## [What you need to do]
In the records below, find each line with "Innovation" and copy it.

====== Extracted entries

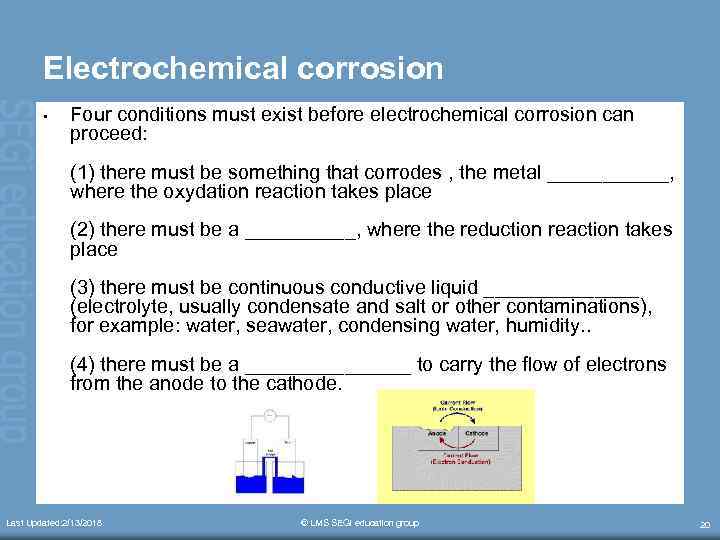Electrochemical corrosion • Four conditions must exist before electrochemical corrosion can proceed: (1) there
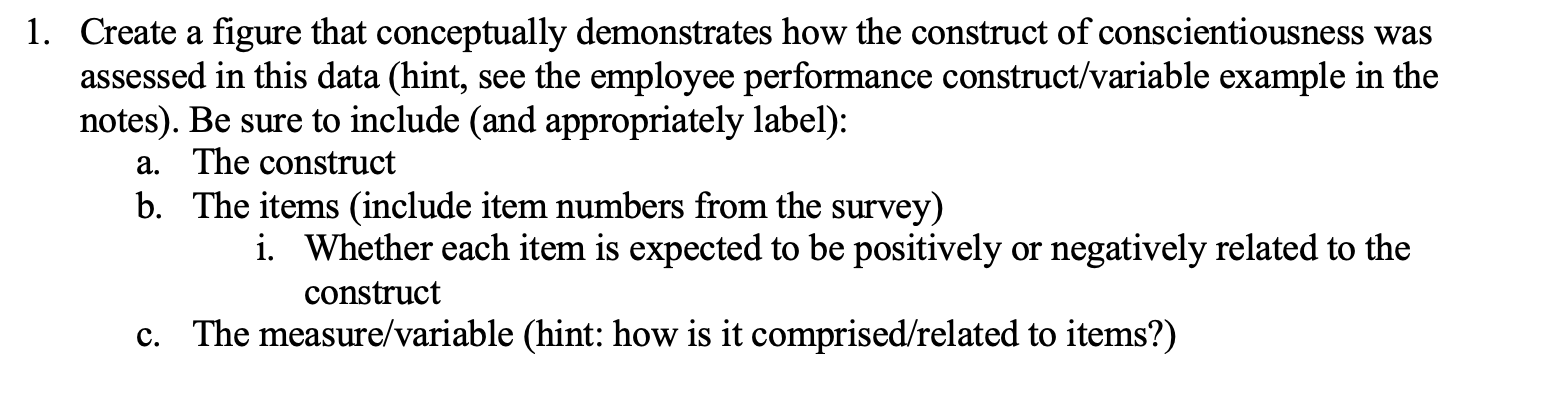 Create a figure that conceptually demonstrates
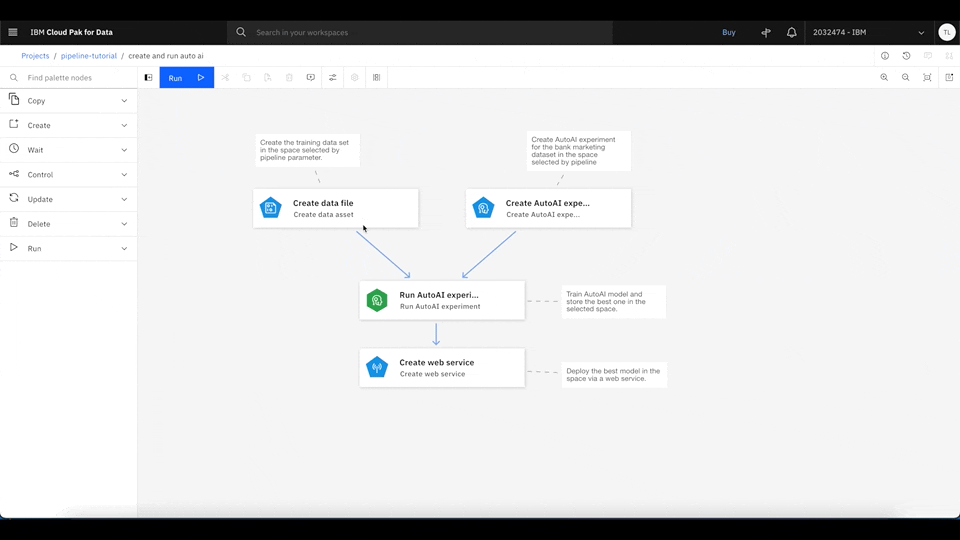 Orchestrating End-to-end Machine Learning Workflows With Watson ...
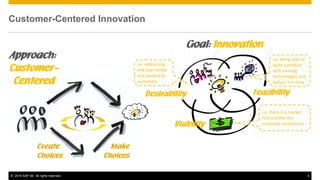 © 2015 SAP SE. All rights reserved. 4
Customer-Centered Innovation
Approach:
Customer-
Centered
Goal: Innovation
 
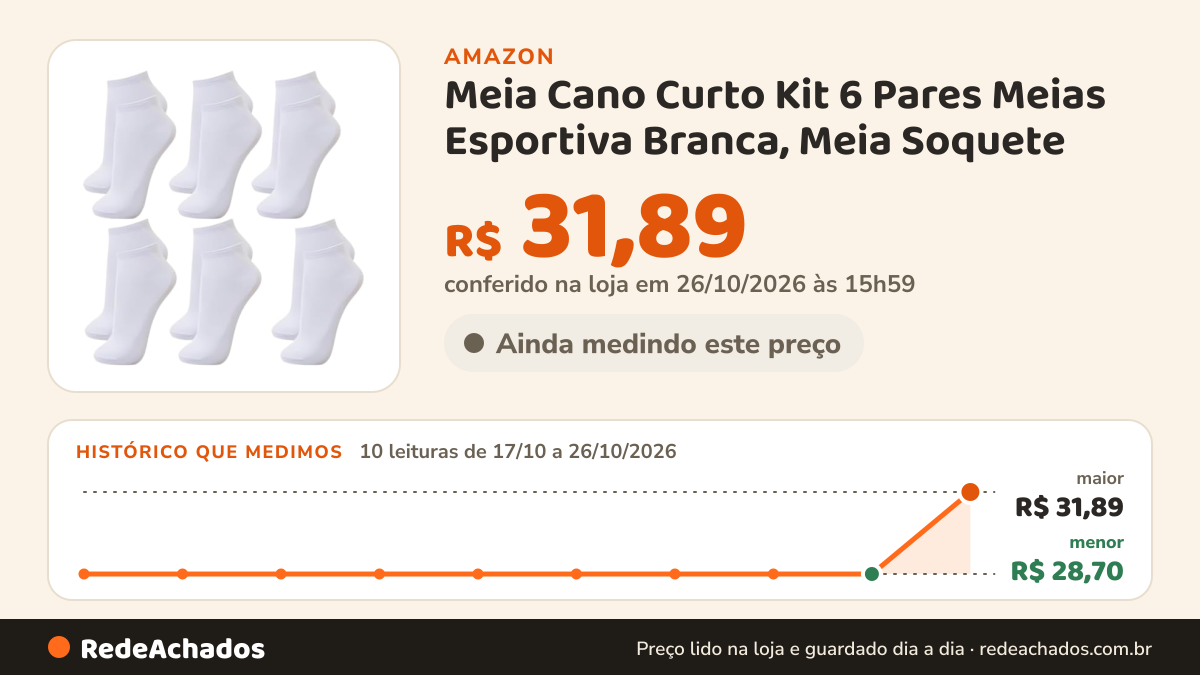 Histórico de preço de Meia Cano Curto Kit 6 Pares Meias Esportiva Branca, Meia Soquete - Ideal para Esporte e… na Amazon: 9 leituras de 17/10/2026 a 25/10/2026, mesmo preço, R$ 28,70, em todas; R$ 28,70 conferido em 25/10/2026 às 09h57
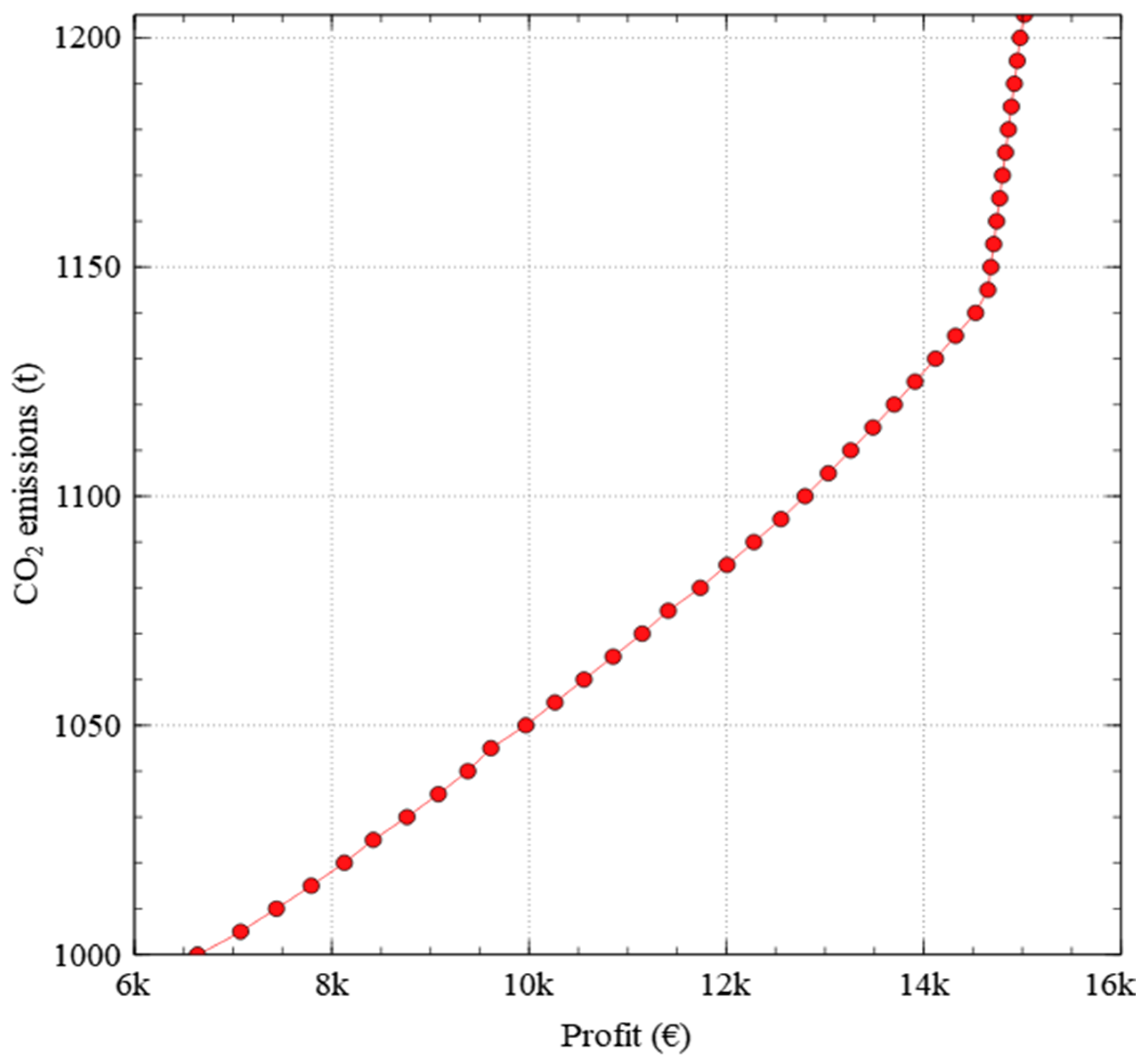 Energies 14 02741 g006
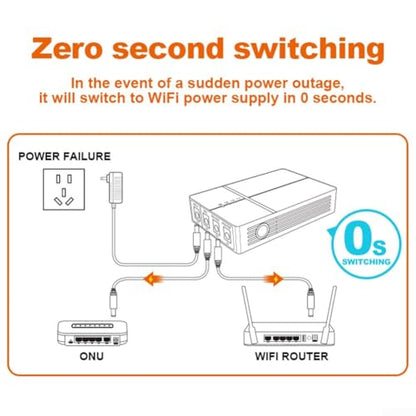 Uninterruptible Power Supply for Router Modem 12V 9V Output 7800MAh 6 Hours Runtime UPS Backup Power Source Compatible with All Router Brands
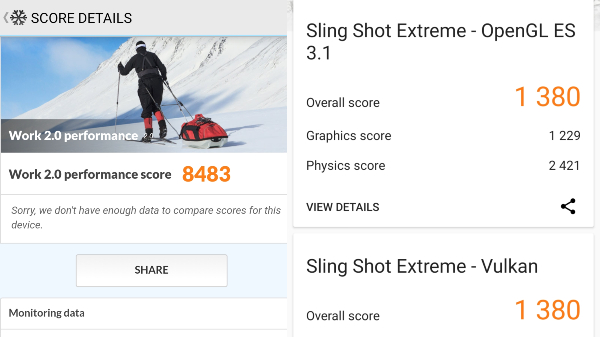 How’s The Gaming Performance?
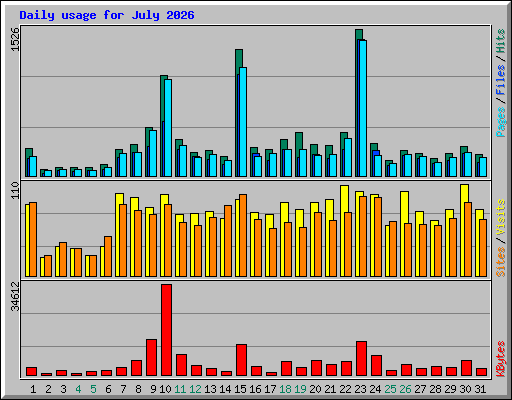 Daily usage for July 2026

============

## [Exercise output]
Customer-Centered Innovation
Goal: Innovation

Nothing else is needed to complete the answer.